How to complete this task: Copy exactly the lines of the data below, beginning with the line with "Waterboard Warriors State" and ending with the line with "Realme C31 4/64GB Verde". Pictures are to be omitted.

Source material:
###
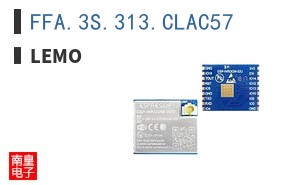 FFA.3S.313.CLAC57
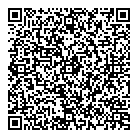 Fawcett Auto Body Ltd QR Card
###
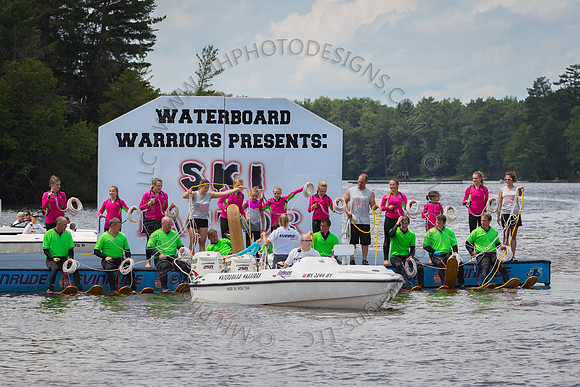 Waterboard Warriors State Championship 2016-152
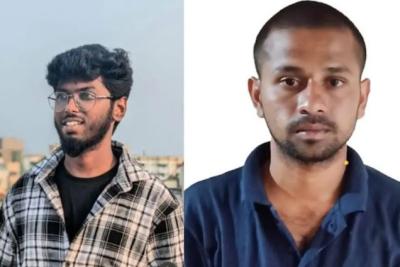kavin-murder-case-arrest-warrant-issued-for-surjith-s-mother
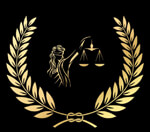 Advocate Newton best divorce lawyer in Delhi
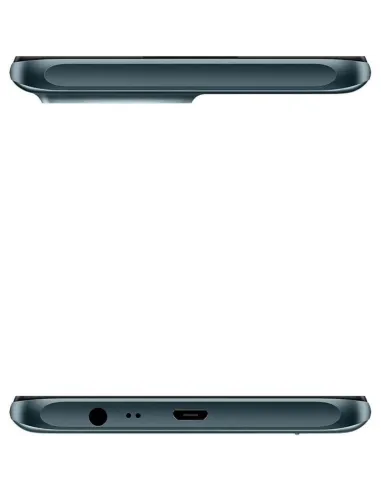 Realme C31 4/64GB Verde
###
Answer to this problem:
 Waterboard Warriors State Championship 2016-152
kavin-murder-case-arrest-warrant-issued-for-surjith-s-mother
 Advocate Newton best divorce lawyer in Delhi
 Realme C31 4/64GB Verde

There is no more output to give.